Biology and Management of Dogfish Sharks

24. Interactions Between Two Sharks: Spiny Dogfish and Sixgill Shark in the Puget Sound/Georgia Basin Ecosystem, Northeast Pacific Ocean

Vincent F. Gallucci and Brian J. Langseth

doi: https://doi.org/10.47886/9781934874073.ch25

Abstract.—Predatory interactions of bluntnose sixgill shark Hexanchus griseus and spiny dogfish Squalus acanthias were evaluated as part of a longline tagging study for sixgill sharks in a northeastern Pacific Ocean estuary, the Puget Sound/Georgia Basin (PSGB). This study shows that sixgill sharks will prey upon dogfish. Dogfish were caught in one of three ways: as whole individuals, with parts of their bodies consumed, or as whole individuals with sixgill sharks retained on the hook as well. Bait experiments showed that for one of two sampling periods, hooks baited with dogfish were preferred by sixgill sharks over hooks baited with herring.
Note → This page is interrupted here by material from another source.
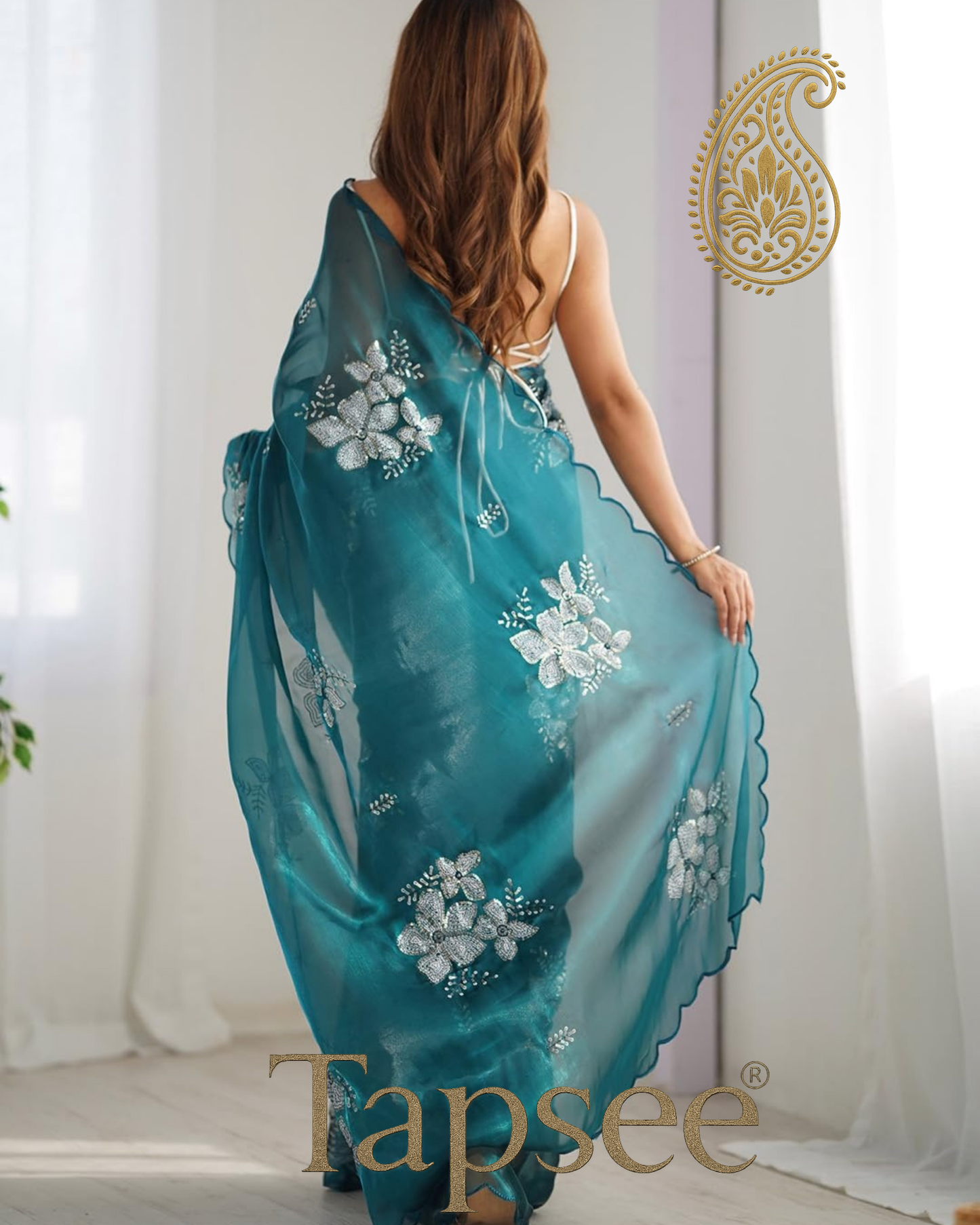 Peacock Green Jimmy Chho Saree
Analysis of sequential hook data revealed that sixgill sharks were caught on the longline at areas where dogfish were caught in low to intermediate densities, suggesting little preference for the movement of a hooked dogfish. Given that the dogfish population in the PSGB supports a commercial fishery, the importance of the dogfish as sixgill-shark prey may need to be considered in future fishery stock assessments and allowable catch limits may need to be lowered to leave a sufficient source of nutrients for the sixgill-shark population.